Do you need to carb-load to run a marathon? No, you don’t. And Edit, from the UK, is one of many people who can attest to this.
After becoming fat-adapted, Edit is finishing marathons on a low-carb diet and finds that she no longer has to consume jelly babies or gel packs during races. She says that “carb-loading and reliance on sugars are things of the past.”
In addition to this, Edit has improved many health issues, like prediabetes, acne, and intense carb cravings, as a result of ditching the carbs and incorporating intermittent fasting.
Here’s Edit’s full low-carb journey, which has been lightly edited for length and clarity.
Edit’s keto story
My name is Edit, and I’m 39 years old. I live in the UK.
I’ve always been a very active person. From a young age, I was doing karate and cross-country walking races up to 40 miles (64 kilometers). I was never one to sit still for too long.
It sounds like a great start, right? But (there has to be a but) in the meantime, I also became addicted to chocolate and bread and would often drink a big bottle of Diet Coke after school.
I had absolutely no idea about nutrition, never had enough protein in my diet, and had no idea such things as good fats existed. Despite being active, I gained some weight, but never excessively. My main issues were the absence of a period, terrible acne, awful cravings, and often feeling a bit off.
At age 27, a medical professional told me that I had severe insulin resistance, and my insulin levels were ten times higher than the top of the normal range. Oops! I was then put on Metformin and never thought too much about it for years. I just learned to live with stubborn skin problems.
After giving birth to a beautiful baby girl in 2013, I couldn’t lose the baby weight despite joining my local slimming club. And so, I decided to do my research and came across intermittent fasting or time-restricted eating. Using my new knowledge, I managed to lose the excess weight but struggled to keep it off.
I kept being active, joined my local running club, got better at running, and enjoyed it so much that my loved ones said I was addicted to it! There are worse addictions out there, right? Like sugar addiction, which I was still battling all day, every day.
Even with a body mass index (BMI) of 23, my blood sugars were in the prediabetic range. There had to be a way to stop struggling so much, so I took up reading about health again and discovered Diet Doctor. Oh, what an excellent source of information. Diet Doctor became a new obsession, and I love the videos and podcasts!
I had never stopped my 16:8 or 18:6 intermittent fasting protocol but decided to give up bread, cakes, potatoes; you know how it goes. I’ve never really gotten into counting my macros, though. Instead, I just used the Diet Doctor visual guides to get a good idea of what foods I can enjoy.
At first, my running suffered. I was so tired but knew it was temporary, and so I kept on running. After a few weeks, I started to feel strong again, yay! Honestly, I did not lose much weight, but I didn’t need to. These days, I have a BMI of 21, and my period is regular, my skin is better, and I’ve ditched half of my Metformin so far.

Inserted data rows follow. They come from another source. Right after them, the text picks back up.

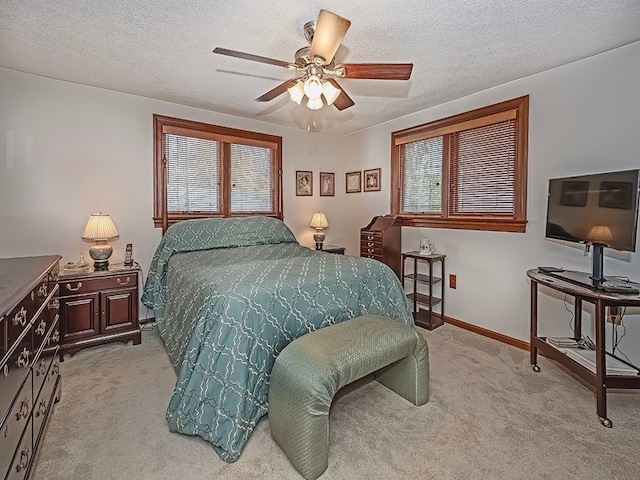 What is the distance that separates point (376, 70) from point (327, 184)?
3070mm

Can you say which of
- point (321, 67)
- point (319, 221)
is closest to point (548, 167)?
point (321, 67)

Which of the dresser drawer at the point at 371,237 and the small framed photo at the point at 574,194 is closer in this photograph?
the small framed photo at the point at 574,194

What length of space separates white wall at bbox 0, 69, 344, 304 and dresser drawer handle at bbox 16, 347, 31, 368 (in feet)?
6.78

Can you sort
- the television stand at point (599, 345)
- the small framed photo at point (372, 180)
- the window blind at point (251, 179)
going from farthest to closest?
the small framed photo at point (372, 180) < the window blind at point (251, 179) < the television stand at point (599, 345)

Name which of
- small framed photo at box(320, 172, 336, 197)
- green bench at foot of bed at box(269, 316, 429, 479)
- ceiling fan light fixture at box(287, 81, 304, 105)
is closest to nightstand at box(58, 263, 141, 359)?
green bench at foot of bed at box(269, 316, 429, 479)

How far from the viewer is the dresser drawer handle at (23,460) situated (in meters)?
1.33

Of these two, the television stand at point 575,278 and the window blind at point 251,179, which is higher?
the window blind at point 251,179

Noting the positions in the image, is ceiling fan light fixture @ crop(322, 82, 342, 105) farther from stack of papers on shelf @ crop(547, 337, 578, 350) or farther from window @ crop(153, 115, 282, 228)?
stack of papers on shelf @ crop(547, 337, 578, 350)

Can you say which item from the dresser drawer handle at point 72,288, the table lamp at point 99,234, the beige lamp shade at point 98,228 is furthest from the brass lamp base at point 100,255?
the dresser drawer handle at point 72,288

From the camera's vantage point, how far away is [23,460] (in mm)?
1387

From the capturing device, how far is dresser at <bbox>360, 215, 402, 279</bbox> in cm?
404

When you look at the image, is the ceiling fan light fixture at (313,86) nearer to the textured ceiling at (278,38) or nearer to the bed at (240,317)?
the textured ceiling at (278,38)

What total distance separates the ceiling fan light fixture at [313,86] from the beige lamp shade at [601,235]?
206 cm

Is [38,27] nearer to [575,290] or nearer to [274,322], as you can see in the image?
[274,322] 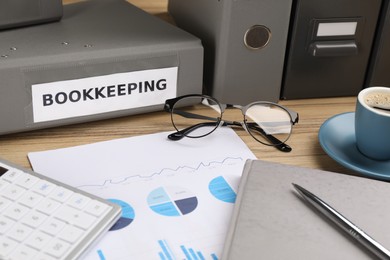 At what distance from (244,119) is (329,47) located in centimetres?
15

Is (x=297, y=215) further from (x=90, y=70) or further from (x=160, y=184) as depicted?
(x=90, y=70)

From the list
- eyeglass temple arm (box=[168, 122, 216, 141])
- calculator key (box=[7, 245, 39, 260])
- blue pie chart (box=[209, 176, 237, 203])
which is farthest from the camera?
eyeglass temple arm (box=[168, 122, 216, 141])

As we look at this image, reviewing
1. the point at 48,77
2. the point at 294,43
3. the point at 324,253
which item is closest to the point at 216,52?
the point at 294,43

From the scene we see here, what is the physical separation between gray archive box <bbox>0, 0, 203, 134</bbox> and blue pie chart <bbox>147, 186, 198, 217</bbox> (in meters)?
0.15

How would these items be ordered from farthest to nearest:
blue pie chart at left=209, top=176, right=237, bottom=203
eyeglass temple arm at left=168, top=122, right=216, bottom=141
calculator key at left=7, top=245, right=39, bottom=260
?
eyeglass temple arm at left=168, top=122, right=216, bottom=141 < blue pie chart at left=209, top=176, right=237, bottom=203 < calculator key at left=7, top=245, right=39, bottom=260

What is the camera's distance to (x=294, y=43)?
29.0 inches

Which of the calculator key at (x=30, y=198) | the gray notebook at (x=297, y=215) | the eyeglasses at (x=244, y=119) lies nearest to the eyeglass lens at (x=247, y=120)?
the eyeglasses at (x=244, y=119)

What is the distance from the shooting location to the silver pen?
19.0 inches

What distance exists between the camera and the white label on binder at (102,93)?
0.64 meters

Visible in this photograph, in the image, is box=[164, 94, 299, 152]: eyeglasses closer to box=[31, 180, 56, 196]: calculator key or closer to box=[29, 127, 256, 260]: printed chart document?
box=[29, 127, 256, 260]: printed chart document

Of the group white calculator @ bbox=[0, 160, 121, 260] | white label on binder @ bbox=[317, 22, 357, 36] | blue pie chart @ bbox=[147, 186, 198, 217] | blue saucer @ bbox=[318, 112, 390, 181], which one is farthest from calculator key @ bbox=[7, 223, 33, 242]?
white label on binder @ bbox=[317, 22, 357, 36]

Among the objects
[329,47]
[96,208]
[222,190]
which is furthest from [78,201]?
[329,47]

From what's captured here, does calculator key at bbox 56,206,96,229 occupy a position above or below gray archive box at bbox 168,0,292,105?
below

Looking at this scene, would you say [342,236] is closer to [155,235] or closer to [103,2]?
[155,235] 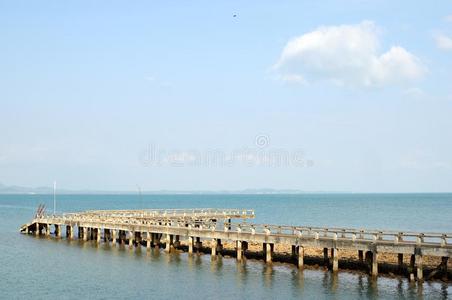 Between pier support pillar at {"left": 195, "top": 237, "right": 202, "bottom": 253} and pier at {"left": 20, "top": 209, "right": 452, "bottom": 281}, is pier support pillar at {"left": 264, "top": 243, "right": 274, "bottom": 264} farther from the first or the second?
pier support pillar at {"left": 195, "top": 237, "right": 202, "bottom": 253}

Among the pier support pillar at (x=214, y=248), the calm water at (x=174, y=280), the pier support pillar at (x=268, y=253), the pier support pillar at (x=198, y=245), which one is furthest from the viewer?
the pier support pillar at (x=198, y=245)

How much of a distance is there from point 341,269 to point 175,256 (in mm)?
14453

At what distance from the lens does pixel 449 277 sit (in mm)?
36000

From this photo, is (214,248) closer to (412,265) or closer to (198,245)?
(198,245)

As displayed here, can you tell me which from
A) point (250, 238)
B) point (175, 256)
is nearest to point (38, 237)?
point (175, 256)

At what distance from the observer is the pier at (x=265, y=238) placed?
35.5 metres

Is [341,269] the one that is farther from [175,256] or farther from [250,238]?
[175,256]

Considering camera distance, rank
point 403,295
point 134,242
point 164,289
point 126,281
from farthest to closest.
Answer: point 134,242, point 126,281, point 164,289, point 403,295

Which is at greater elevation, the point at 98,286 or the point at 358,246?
the point at 358,246

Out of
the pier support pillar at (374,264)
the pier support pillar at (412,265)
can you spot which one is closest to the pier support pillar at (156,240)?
the pier support pillar at (374,264)

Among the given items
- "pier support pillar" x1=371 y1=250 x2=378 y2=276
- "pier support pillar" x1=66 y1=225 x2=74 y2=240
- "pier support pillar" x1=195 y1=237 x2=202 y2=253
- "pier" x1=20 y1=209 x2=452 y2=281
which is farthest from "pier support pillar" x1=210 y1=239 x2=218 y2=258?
"pier support pillar" x1=66 y1=225 x2=74 y2=240

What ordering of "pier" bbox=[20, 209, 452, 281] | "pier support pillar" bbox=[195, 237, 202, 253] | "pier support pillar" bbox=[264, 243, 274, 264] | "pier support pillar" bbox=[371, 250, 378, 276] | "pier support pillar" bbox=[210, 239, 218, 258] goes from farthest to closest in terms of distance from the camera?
1. "pier support pillar" bbox=[195, 237, 202, 253]
2. "pier support pillar" bbox=[210, 239, 218, 258]
3. "pier support pillar" bbox=[264, 243, 274, 264]
4. "pier support pillar" bbox=[371, 250, 378, 276]
5. "pier" bbox=[20, 209, 452, 281]

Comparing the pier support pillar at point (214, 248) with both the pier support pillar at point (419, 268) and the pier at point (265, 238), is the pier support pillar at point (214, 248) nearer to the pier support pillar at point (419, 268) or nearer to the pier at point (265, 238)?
the pier at point (265, 238)

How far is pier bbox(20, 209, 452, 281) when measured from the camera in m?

I also signed up for the Virtual London Marathon! During training runs, I was the only one not using gels or jelly babies. I only ever had electrolytes in my water. I would eat a high-protein, low-carb breakfast, and that was enough. I also regularly attend spinning classes and do strength training (and need more of that!).
I decided to purchase a ketone meter and was thrilled that, despite hardly ever counting macros, I’m in ketosis every day. I believe this is also thanks to time-restricted eating and regular sport, often in a fasted state, to push my boundaries.

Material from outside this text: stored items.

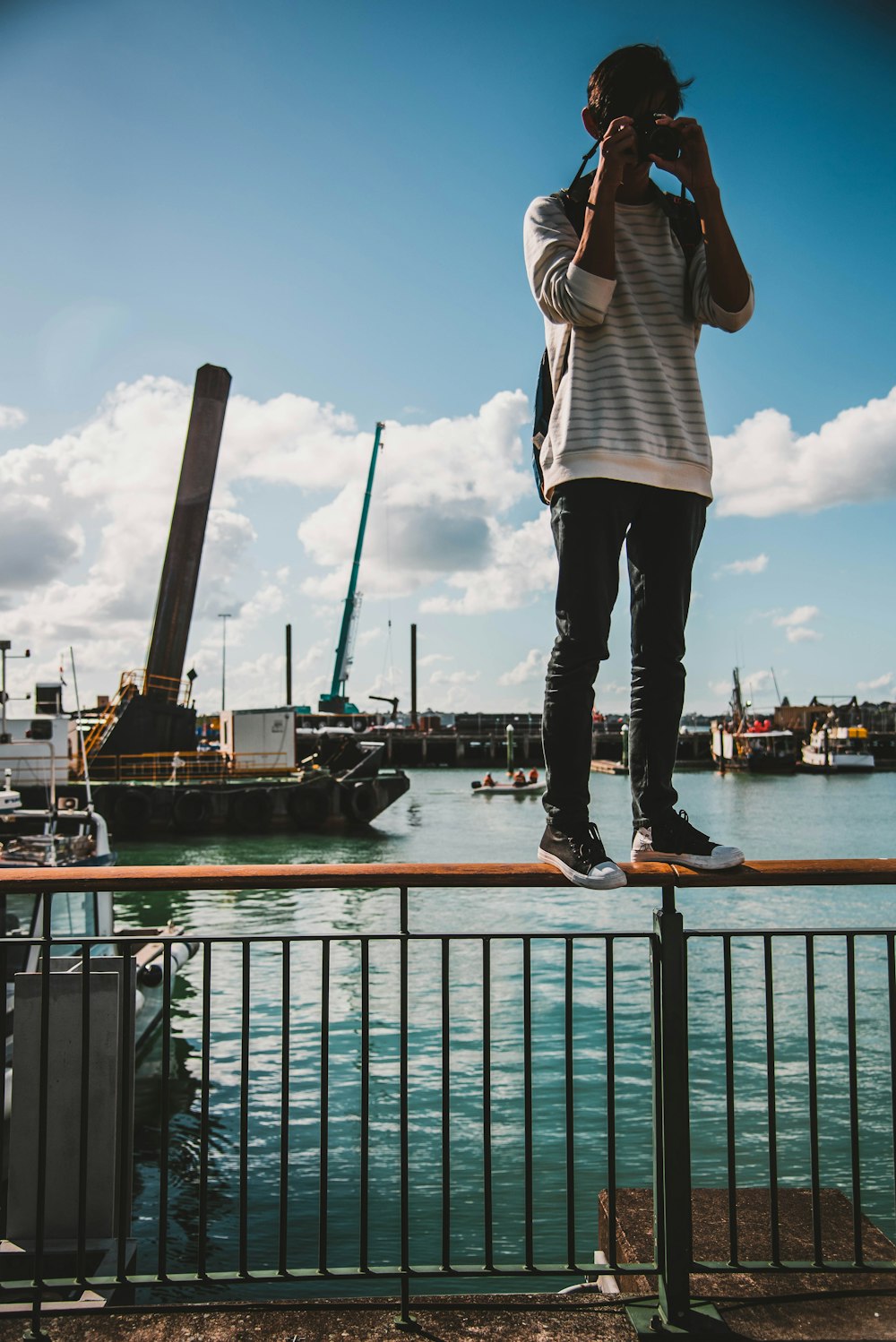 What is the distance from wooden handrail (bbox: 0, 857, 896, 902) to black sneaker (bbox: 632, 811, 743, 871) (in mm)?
33

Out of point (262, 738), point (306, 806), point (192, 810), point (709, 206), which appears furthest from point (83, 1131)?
point (262, 738)

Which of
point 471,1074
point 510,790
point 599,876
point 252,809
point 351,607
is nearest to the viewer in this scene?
point 599,876

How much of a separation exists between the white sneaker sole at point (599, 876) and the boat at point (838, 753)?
2889 inches

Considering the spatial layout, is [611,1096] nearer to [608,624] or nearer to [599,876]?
[599,876]

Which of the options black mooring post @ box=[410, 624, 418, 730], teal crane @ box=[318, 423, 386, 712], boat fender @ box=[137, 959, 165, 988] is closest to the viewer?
boat fender @ box=[137, 959, 165, 988]

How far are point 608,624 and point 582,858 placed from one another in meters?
0.57

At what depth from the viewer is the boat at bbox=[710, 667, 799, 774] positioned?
70.3 m

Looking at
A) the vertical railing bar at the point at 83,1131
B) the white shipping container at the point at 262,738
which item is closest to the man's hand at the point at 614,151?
the vertical railing bar at the point at 83,1131

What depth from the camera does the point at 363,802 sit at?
28.4 metres

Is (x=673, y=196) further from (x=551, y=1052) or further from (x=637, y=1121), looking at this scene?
(x=551, y=1052)

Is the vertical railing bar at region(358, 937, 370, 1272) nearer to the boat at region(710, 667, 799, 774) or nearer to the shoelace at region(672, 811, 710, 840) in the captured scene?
the shoelace at region(672, 811, 710, 840)

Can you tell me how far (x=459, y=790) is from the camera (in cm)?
5544

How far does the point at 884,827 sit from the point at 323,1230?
3579cm

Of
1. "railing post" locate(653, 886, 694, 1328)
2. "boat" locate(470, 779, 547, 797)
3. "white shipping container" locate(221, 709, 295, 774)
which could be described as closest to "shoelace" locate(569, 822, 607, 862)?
"railing post" locate(653, 886, 694, 1328)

On Oct. 4, 2020, the day of the Virtual London Marathon, I had my usual protein breakfast, and there was nothing else to do but run 26.2 miles (42 kilometers) in the rain and wind. Oh, what fun! It was my fifth marathon but my first eating a low-carb diet; I finished in four hours and 22 minutes, not my best but not my worst either!
I did have a low-carb protein bar after 15 miles (24 kilometers), as my belly was grumbling. My ketones were 1.4 mmol/L in the morning and 2.4 mmol/L after the marathon, and that’s my highest ketone level to date!
The fact that I could rely on low-carb foods only and didn’t have to eat frequently during the race proves that low carb and sport are a perfect match, and carb-loading and reliance on sugars are things of the past. I will never look back and don’t even miss bread anymore!
Many thanks and best wishes,
Thanks for sharing your story with us Edit. I appreciate your patience understanding your athletic performance dropped at first but with patience, it came back. That is important to know ahead of time so people don’t jump ship right away. I also appreciate your message that many people don’t need to count calories or macros. Keep it simple and it will work in the long run. Great work!